L’America non dimentica, e nemmeno il mondo intero. Passano gli anni, ma l’11 settembre resta materia strettamente attuale. Se il cancro rappresentava il male del ventesimo secolo, ad oggi, nell’era del ventunesimo, si aggiunge quello di matrice terroristica. Non importa in nome di chi o di cosa si uccida: nessuno possiede il diritto di togliere la vita ad un’altra persona, qualsiasi sia il motivo: politico, religioso o altro.

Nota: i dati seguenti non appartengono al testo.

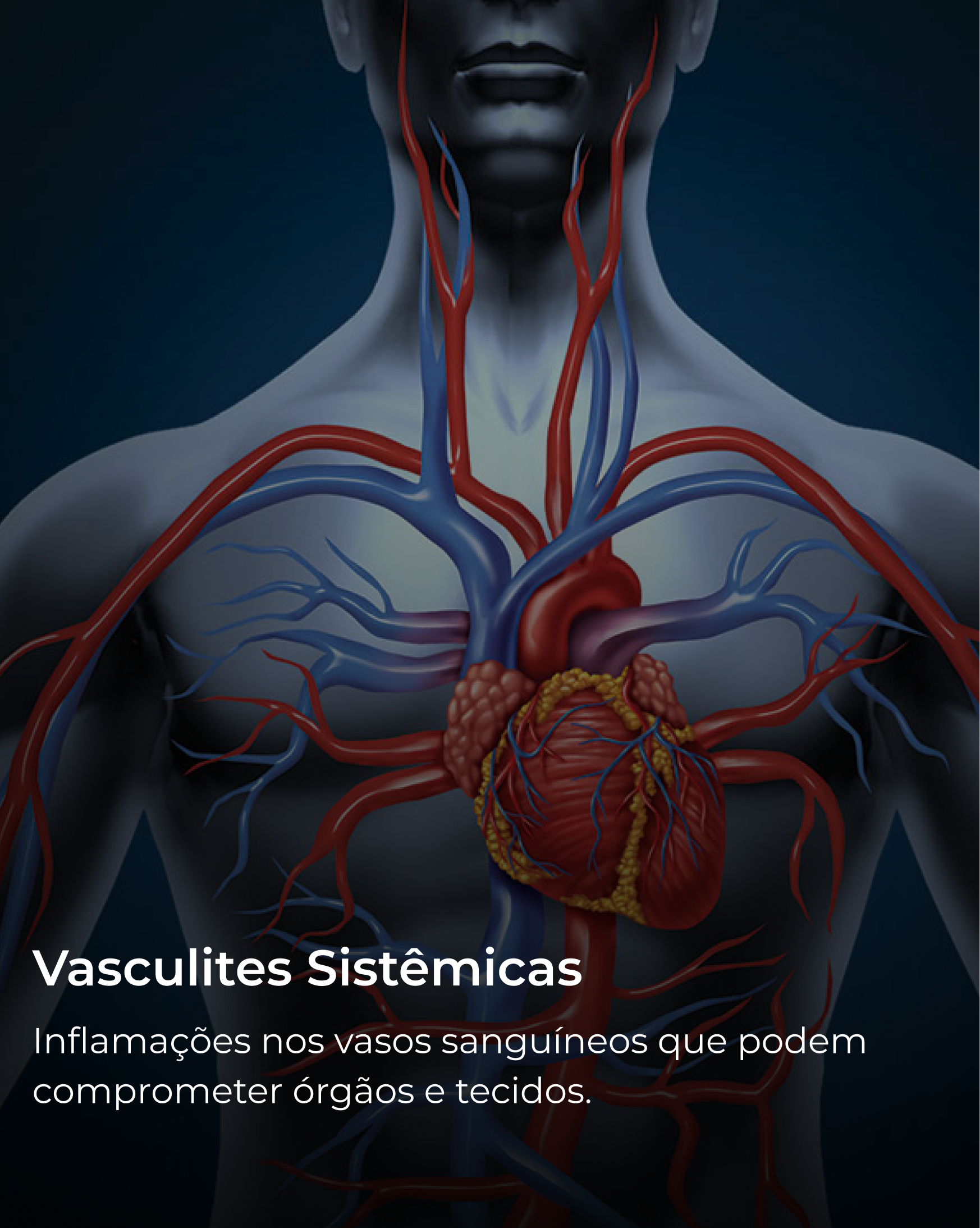 Vasculites Sistêmicas
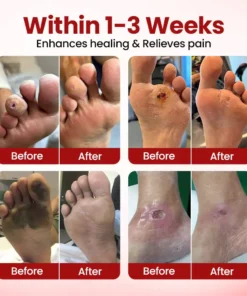 Cvreoz® DermaLuxe Diabetic Relief Cream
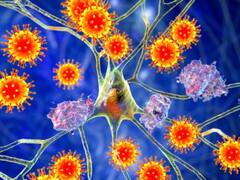 इस सुपरस्टार को हुई गंभीर बीमारी जिसका पूरी दुनिया में इलाज नहीं, जानें इसके लक्षण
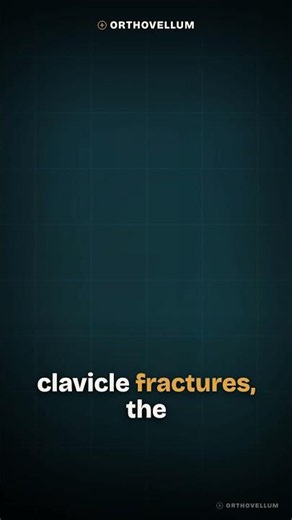 Clavicle Fractures Masterclass | Orthopaedic Teaching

Le ‘Torri Gemelle’ che crollano davanti ai nostri occhi attoniti, inermi e impotenti davanti ad un evento forse più grande di noi, non debbono recluderci nell’autocommiserazione. Serve agire, attivarsi. Bisogna lavorare insieme a cittadini, istituzioni e realtà associative per diffondere un messaggio fondamentale: la guerra va fermata.

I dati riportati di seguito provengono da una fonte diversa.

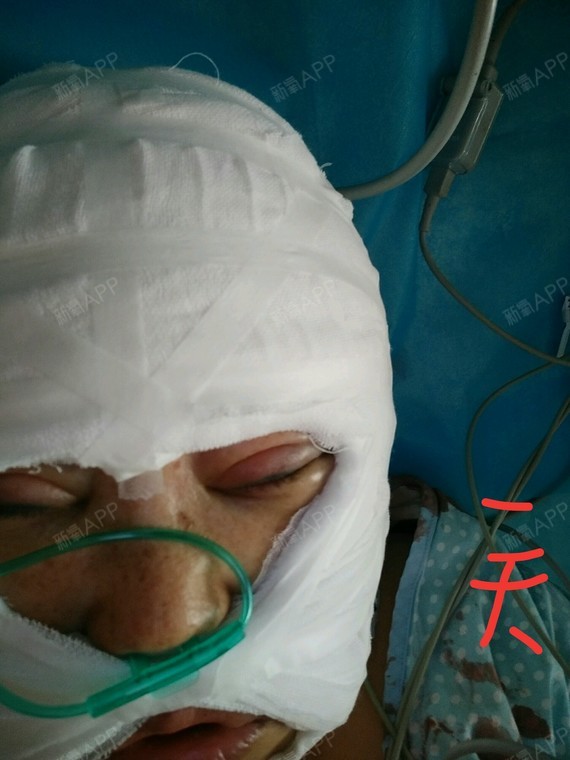 成都拉皮手术提升好不好_效果图_氧气zdez3拉皮手术术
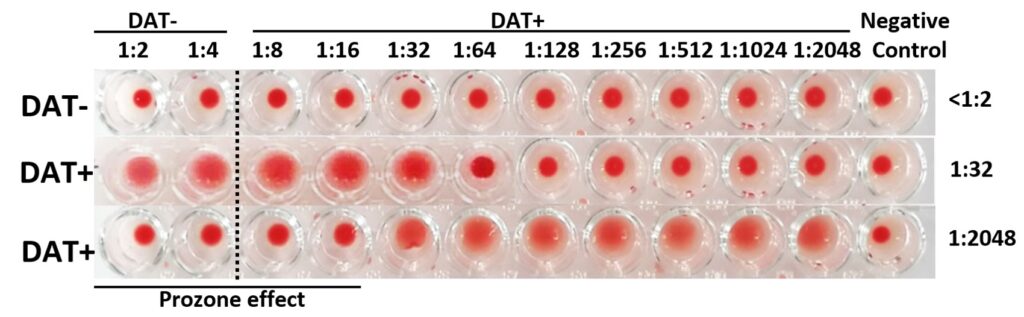 Laboklin: Coombs’ tests performed with the microtiter plate method. The titers are read from the left (low titers) to the right (high titers up to 1:2048). The last row only contains a mixture of NaCl and blood cells with no reagent and is used as negative auto-control. The titers below 1:8 are considered negative.The first line is a negative sample (DAT-), the second line is a positive sample with the titer 1:32 (DAT+), on the last line the titers 1:2 to 1:16 are negative (prozone effect), however this sample is strongly positive (1:2048).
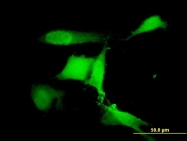 H00064326-M01 - RFWD2 / RNF200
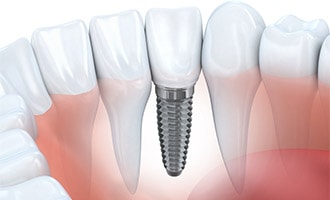 Single-Tooth Dental Implants in San Jose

Lo stesso Papa Francesco, riferendosi agli ultimi accadimenti (Gaza, Ucraina ecc…), in tempi non sospetti usò parole molto forti per descrivere l’attuale panorama contemporaneo (‘c’è una terza guerra mondiale in atto, ma non si vede perché combattuta a tratti’). E oggi, a 13 anni da quel deplorevole fatto, cosa è cambiato? A giudicare dalle orribili decapitazioni dei giornalisti americani James Foley e Steven Sotloff, la risposta appare piuttosto scontata. Stando ad un sondaggio del Wall Street Journal/Nbc, un americano su due – in percentuali circa il 47% – è convinto che il suo paese sia meno sicuro di quanto non lo fosse prima dell’11 settembre stesso. Dato allarmante, soprattutto se confrontato con la statistica del 2002 (dunque ad appena un anno di distanza dallo schianto degli aerei) aggirante intorno al 20%. New York, purtroppo, pare sia destinata a rimanere nei pensieri dei terroristi ancora per molto.

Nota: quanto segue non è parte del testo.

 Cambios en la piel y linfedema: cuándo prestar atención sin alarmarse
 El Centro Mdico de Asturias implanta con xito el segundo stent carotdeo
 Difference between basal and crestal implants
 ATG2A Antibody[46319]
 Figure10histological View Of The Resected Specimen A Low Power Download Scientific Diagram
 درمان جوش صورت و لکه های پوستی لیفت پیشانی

L’aver giustiziato Osama Bin Laden – riconosciuto tra i principali autori di quella maledetta spedizione suicida – ha generato un odio ancor più profondo; anzi, le teste sono raddoppiate, se non triplicate. Proprio come l’idra, leggendario essere mitologico battuto da Eracle. Ma qui il paragone con l’antica Grecia regge sino ad un certo punto.
Siamo proprio sicuri che per fronteggiare l’Isis, o comunque le minacce Jihadiste in Iraq e Siria, vadano per forza compiute ‘dodici fatiche’ attraverso le armi? O andrebbe, al contrario, rafforzato il dialogo interreligioso? A questa domanda, però, non dovremmo avere noi la presunzione di rispondere; forse, tale compito spetta ai sopravvissuti dell’11 Settembre, se non a qualche madre privata ingiustamente del proprio figlio.